For thousands of years, North America was populated mainly by Native Americans and was mostly unknown to Europe. In the 1500s, Europeans began arriving in North America; they found a land with many natural resources and began to claim parts of it. While the French moved into the north and the Spanish settled in the south and west, the British founded colonies on the east coast.

The British settlers came to these new lands for many reasons. Some wanted to make money or set up trade with their home country while others wanted religious freedom. In the early 1600s, the British king began establishing colonies in America. By the 1700s, most of the settlements had formed into 13 British colonies: Connecticut, Delaware, Georgia, Maryland, Massachusetts, New Hampshire, New York, New Jersey, Virginia, North Carolina, Pennsylvania, Rhode Island, and South Carolina.

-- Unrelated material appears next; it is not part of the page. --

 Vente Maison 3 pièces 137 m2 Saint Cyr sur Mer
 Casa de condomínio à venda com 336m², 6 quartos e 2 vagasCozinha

The colonists, or people living in the colonies, were unhappy about paying taxes without having any say in their government. This unhappiness would eventually lead to a clash between the Americans and the British and lead to the American Revolutionary War (1775-1783). When the British were defeated at the end of the war, America was free to take the first steps toward creating a new system of government.

Before the American Revolutionary War, each state had its own constitution, which gave people certain rights, such as freedom of speech, religion, and the press. During the war, the 13 colonies united to free themselves from British rule. The states were very different from each other, but they realized that in order to grow and prosper, they needed to form a union.

The states joined together to set up a central government. Delegates from each state met at the Second Continental Congress on July 12, 1776. After much debate, on November 15, 1777, the states finally established a "firm league of friendship" that became known as the Articles of Confederation. The Articles, however, did not go into effect until March 1, 1781.

Under the Articles of Confederation, each state remained independent, with a single vote, and there was no real power behind the Federal Government. Within two years, it became obvious that the Articles of Confederation were weak. Many people were in debt, and states were printing money that was worthless.